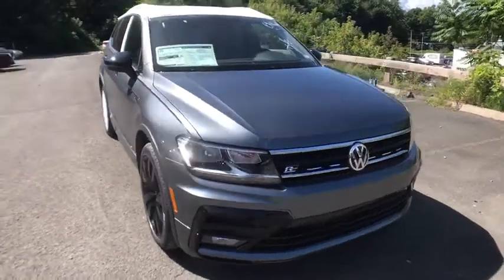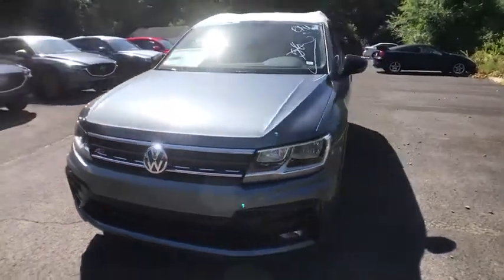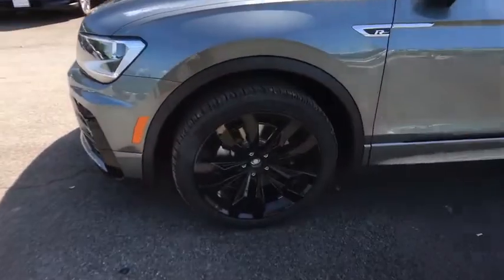We are pleased to show you the 2020 Volkswagen Tiguan. With Volkswagen Tiguan, it's good to be turbo — turbo with class. This vehicle has less than 100 miles.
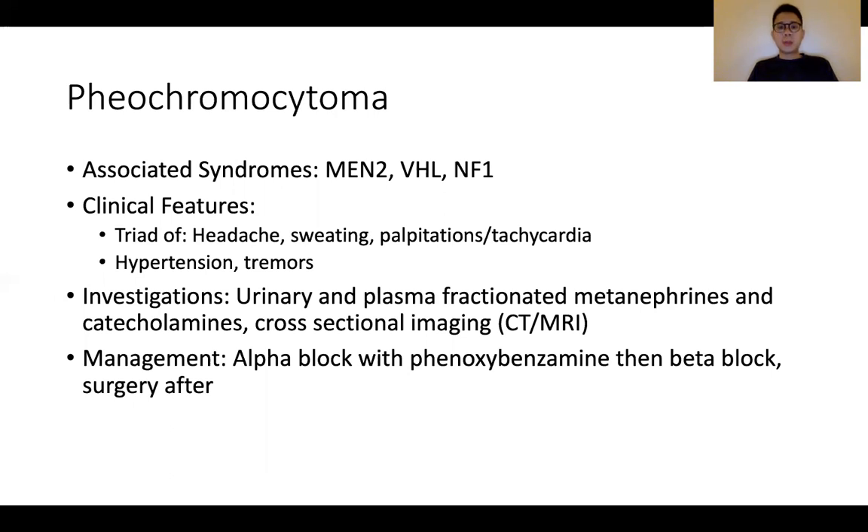In terms of management, it is important to upfront give alpha blockade with phenoxybenzamine, followed by beta blockade. This is important because if the patient is beta blocked with unbridled alpha action, this can cause the patient to collapse. Surgery is the mainstay after the patient has been stabilized.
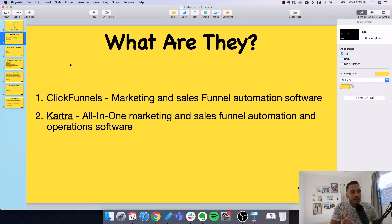So firstly, what is ClickFunnels and what is Kartra? ClickFunnels is marketing and sales funnel automation software. It helps you make sales and marketing funnels that guide your user through the buyer's journey — getting them from a visitor to a buyer, and extracting maximum value through cross-sells and upsells. Kartra has that exact same functionality as ClickFunnels, except it also provides various additional operational features that ClickFunnels doesn't do.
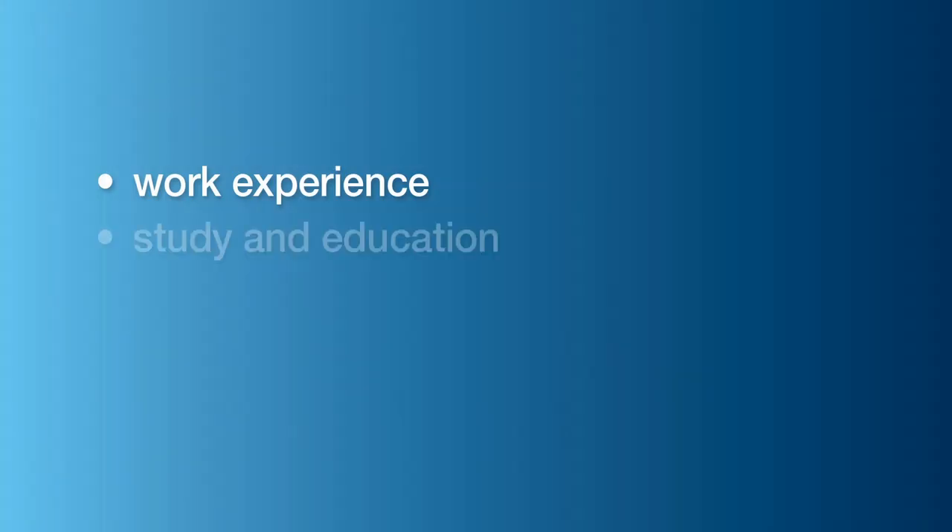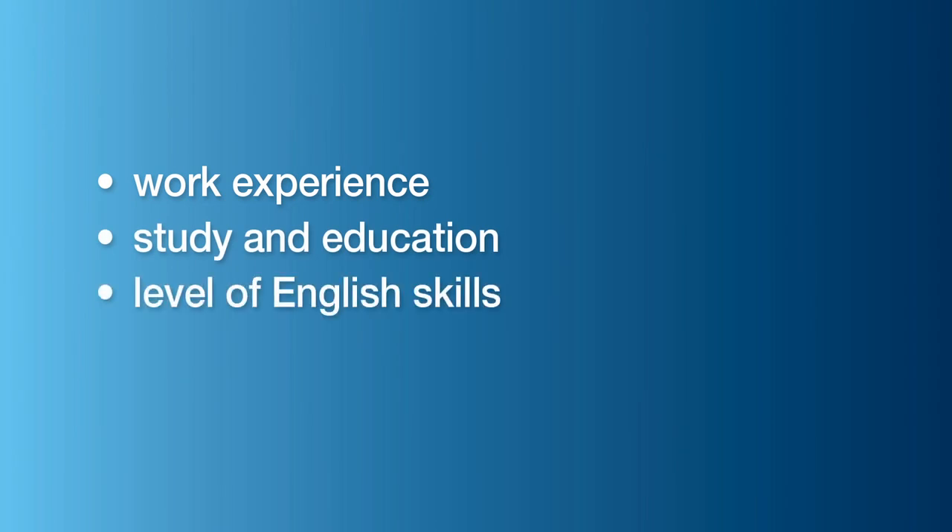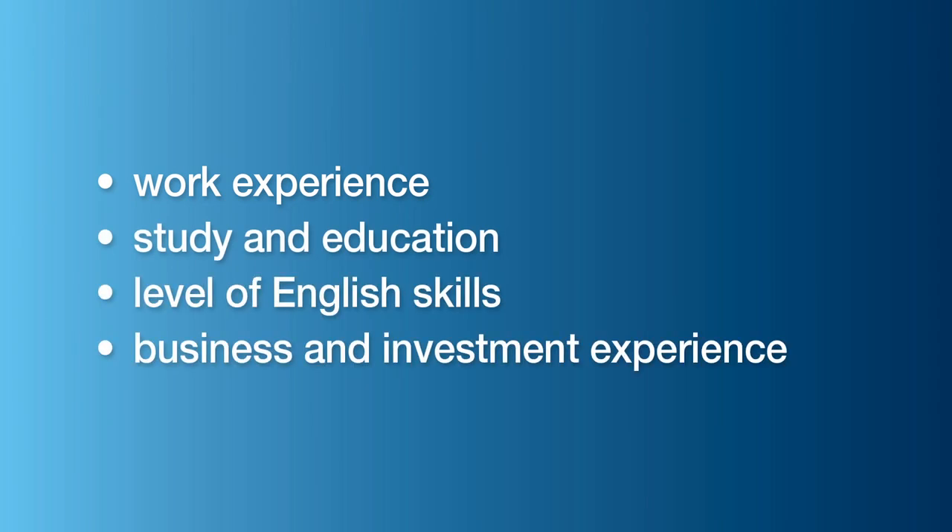SkillSelect is a two-stage process. In the first stage, clients submit an online expression of interest in which they are allocated points based on the following: their work experience, their study and education, their level of English skills, and their business and investment experience.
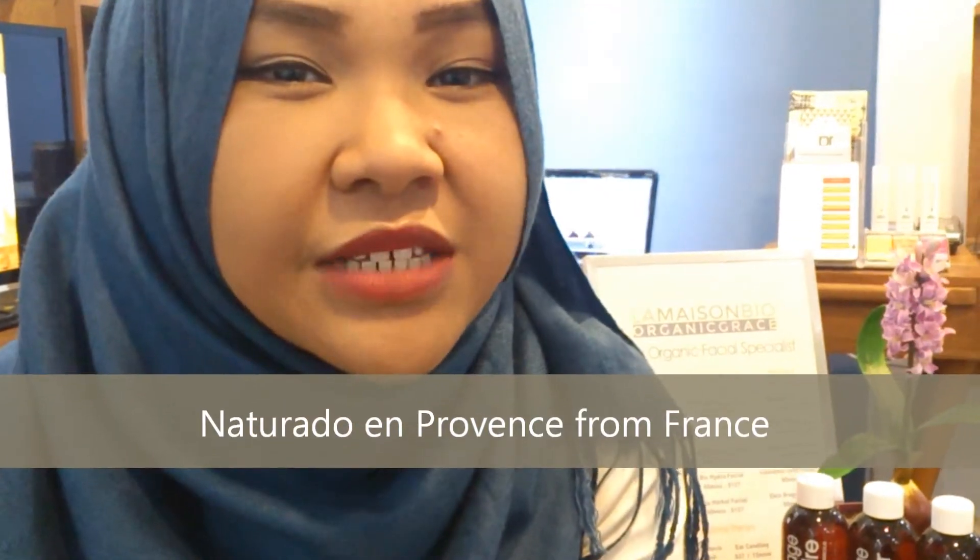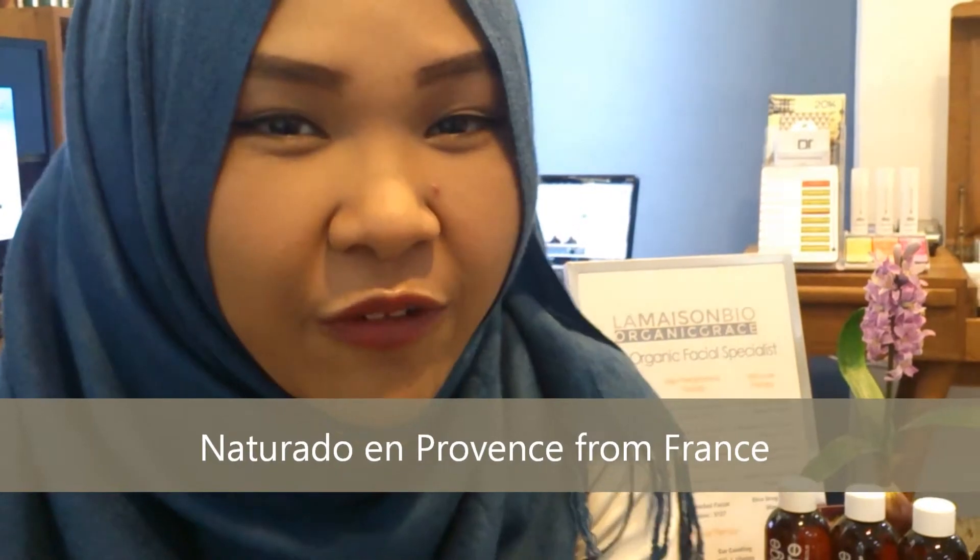Hi, my name is Nabila. I am from Flair Wellness. I am here to tell you about the organic products and massage oil that is from Naturado. It's from France actually.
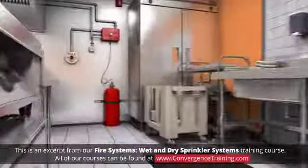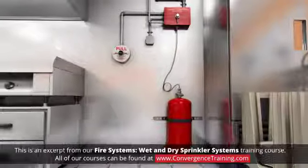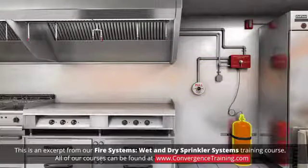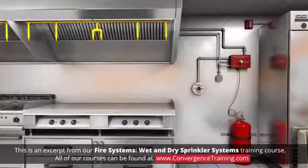A type of special extinguishing system is the dry agent system. This system is designed for specific fire hazards and consists of a detection system, compressed dry chemical extinguishing agent, system discharge piping, and discharge nozzles for each type of hazard protected.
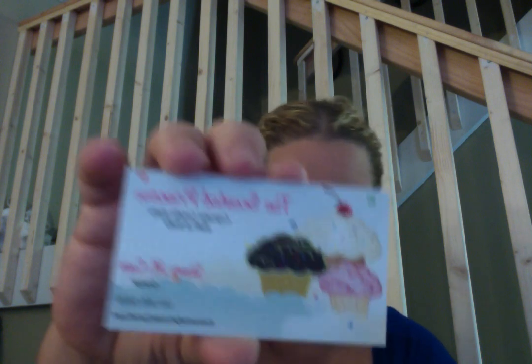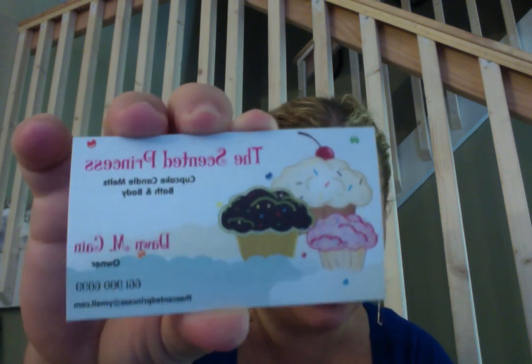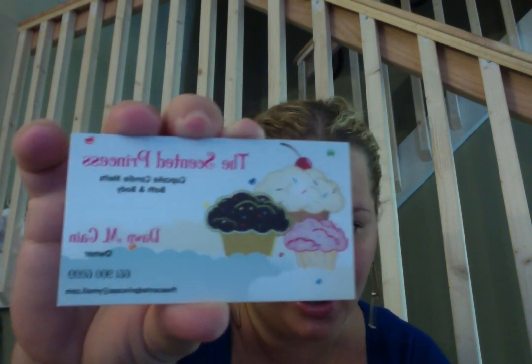Without further ado, I'm here to do a review on the Scented Princess. You guys probably watched my video before where I showed what her products look like and how they came packaged. Now I had a chance to melt them, so I'm going to tell you what I thought. It's an Etsy company. Her name is Dawn, and she does a lot of different things — not just wax tarts. It's cupcake candle melts, body sprays, body lotion, linen spray, air freshener and tons more.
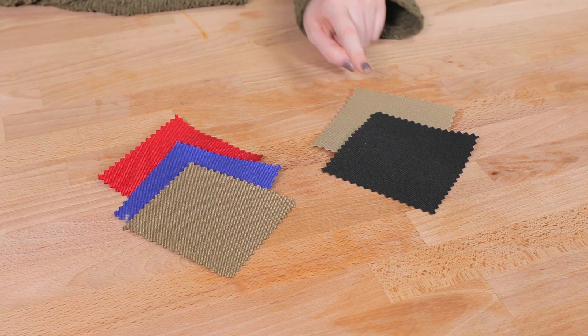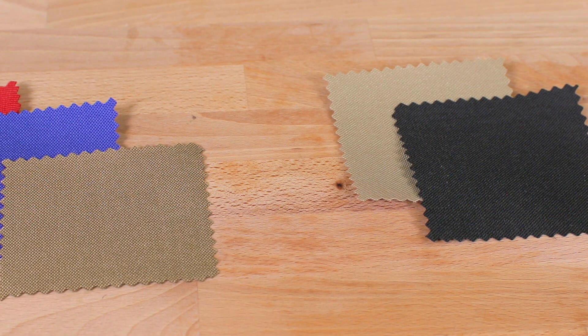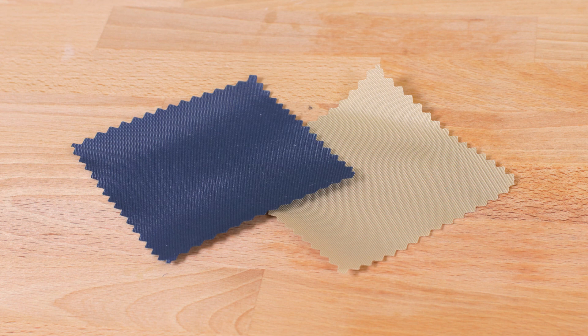Cordura Nylon and Textured Nylon are similar materials that are 1000 denier. They are both incredibly strong and great for heavy-duty covers, bags, and other outdoor applications.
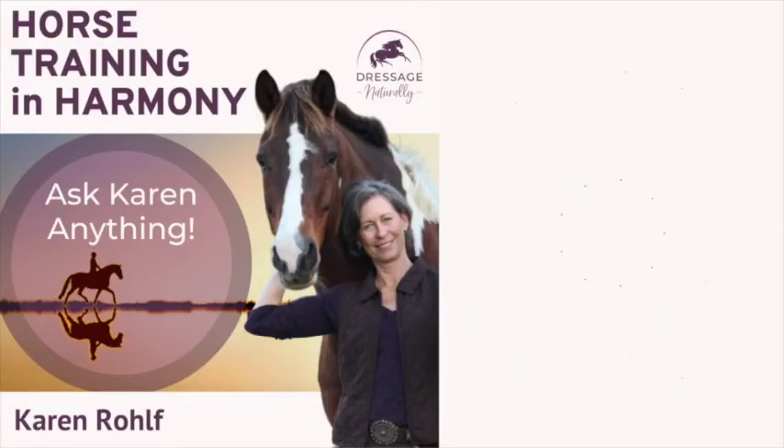Let's start with a question from Lisa: 'What are some of your favorite techniques to motivate your horses that encourage them to offer up movements with effort and with pride — not because you're making them, but because they want to? I'd love to hear a discussion on motivation.'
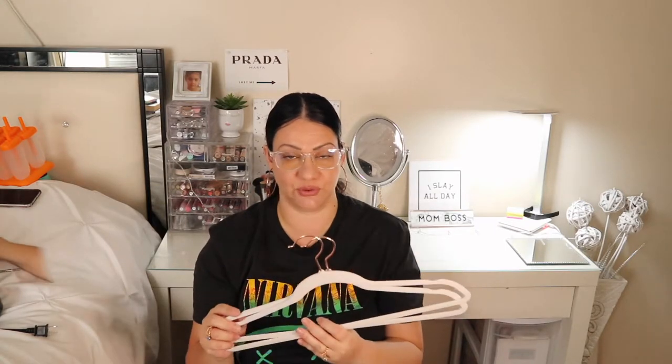Next we have these hangers. They come in a pack of 60 and what I love about them is the aesthetic — they're white with rose gold. I'm probably going to do a video on how to organize my closet and I'll switch out all my hangers for these ones.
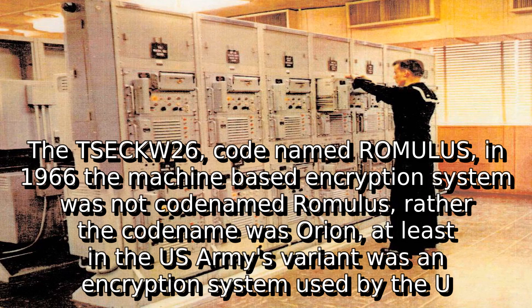The TSEC-KW-26, codenamed Romulus — though in 1966, the machine-based encryption system was not actually codenamed Romulus. Rather, the codename was Orion, at least in the U.S. Army's variant.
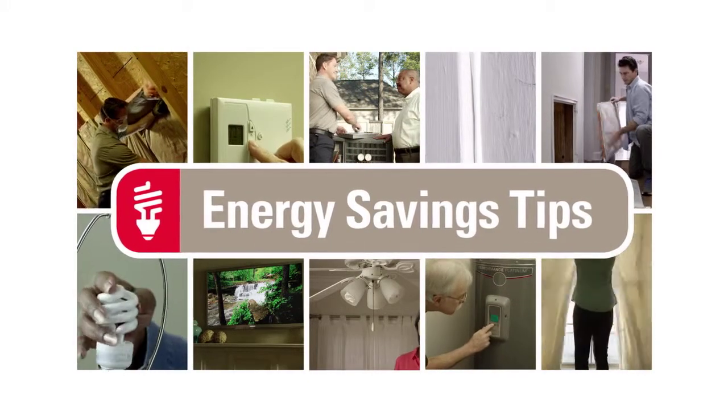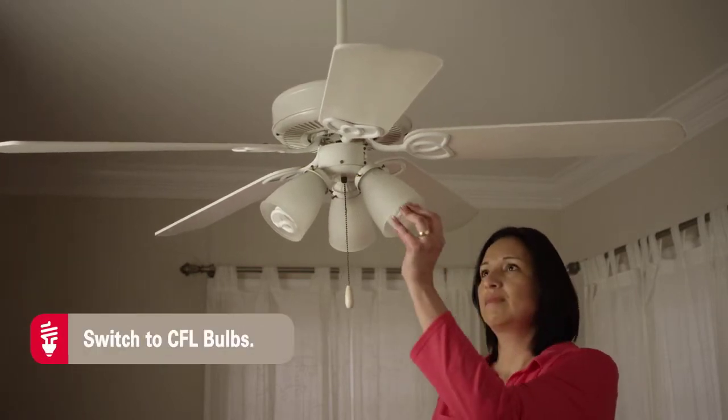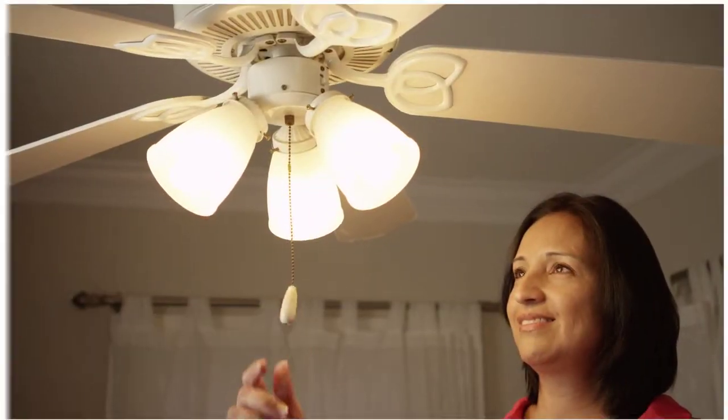Here's an energy saving tip from Mississippi Power. Replace your old incandescent light bulbs with energy efficient CFL bulbs. They last 8 to 10 times longer, use 75% less energy, and produce 99% less heat while giving you more light.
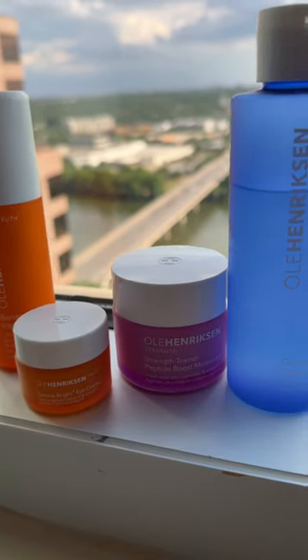The Glow Cycle consists of a morning and night routine using these four products. I start my morning routine with the Banana Bright Vitamin C Serum and Eye Cream. Vitamin C is an antioxidant which protects your skin from pollution and free radicals, and it lightens dark spots.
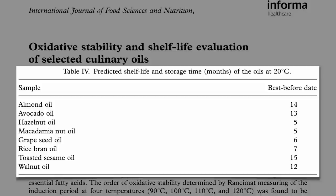So if you made a batch of walnut oil on January 1, 2012, the best-before date printed on the bottle from that batch would be 12 months later — January 1, 2013.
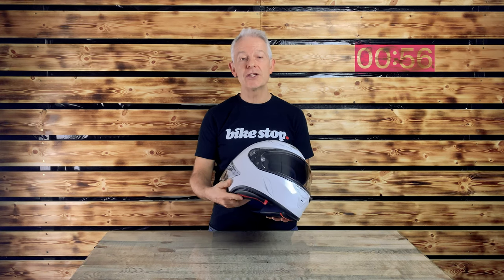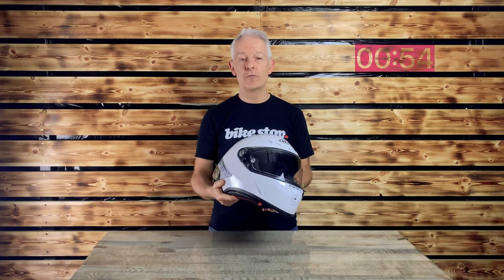Welcome back to Bike Stop. You know the drill — 60 seconds on the clock. Let's go. This time it is the turn of HJC's high-spec helmet, the RAFA-1.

**Task brief**
Your copy should match the records word for word, with the pictures removed.

**Answer below**
We are pleased to show you the 2020 Volkswagen Tiguan. With Volkswagen Tiguan, it's good to be turbo — turbo with class. This vehicle has less than 100 miles.
In terms of management, it is important to upfront give alpha blockade with phenoxybenzamine, followed by beta blockade. This is important because if the patient is beta blocked with unbridled alpha action, this can cause the patient to collapse. Surgery is the mainstay after the patient has been stabilized.
So firstly, what is ClickFunnels and what is Kartra? ClickFunnels is marketing and sales funnel automation software. It helps you make sales and marketing funnels that guide your user through the buyer's journey — getting them from a visitor to a buyer, and extracting maximum value through cross-sells and upsells. Kartra has that exact same functionality as ClickFunnels, except it also provides various additional operational features that ClickFunnels doesn't do.
SkillSelect is a two-stage process. In the first stage, clients submit an online expression of interest in which they are allocated points based on the following: their work experience, their study and education, their level of English skills, and their business and investment experience.
Hi, my name is Nabila. I am from Flair Wellness. I am here to tell you about the organic products and massage oil that is from Naturado. It's from France actually.
A type of special extinguishing system is the dry agent system. This system is designed for specific fire hazards and consists of a detection system, compressed dry chemical extinguishing agent, system discharge piping, and discharge nozzles for each type of hazard protected.
Without further ado, I'm here to do a review on the Scented Princess. You guys probably watched my video before where I showed what her products look like and how they came packaged. Now I had a chance to melt them, so I'm going to tell you what I thought. It's an Etsy company. Her name is Dawn, and she does a lot of different things — not just wax tarts. It's cupcake candle melts, body sprays, body lotion, linen spray, air freshener and tons more.
Cordura Nylon and Textured Nylon are similar materials that are 1000 denier. They are both incredibly strong and great for heavy-duty covers, bags, and other outdoor applications.
Let's start with a question from Lisa: 'What are some of your favorite techniques to motivate your horses that encourage them to offer up movements with effort and with pride — not because you're making them, but because they want to? I'd love to hear a discussion on motivation.'
Next we have these hangers. They come in a pack of 60 and what I love about them is the aesthetic — they're white with rose gold. I'm probably going to do a video on how to organize my closet and I'll switch out all my hangers for these ones.
The TSEC-KW-26, codenamed Romulus — though in 1966, the machine-based encryption system was not actually codenamed Romulus. Rather, the codename was Orion, at least in the U.S. Army's variant.
Here's an energy saving tip from Mississippi Power. Replace your old incandescent light bulbs with energy efficient CFL bulbs. They last 8 to 10 times longer, use 75% less energy, and produce 99% less heat while giving you more light.
The Glow Cycle consists of a morning and night routine using these four products. I start my morning routine with the Banana Bright Vitamin C Serum and Eye Cream. Vitamin C is an antioxidant which protects your skin from pollution and free radicals, and it lightens dark spots.
So if you made a batch of walnut oil on January 1, 2012, the best-before date printed on the bottle from that batch would be 12 months later — January 1, 2013.
Welcome back to Bike Stop. You know the drill — 60 seconds on the clock. Let's go. This time it is the turn of HJC's high-spec helmet, the RAFA-1.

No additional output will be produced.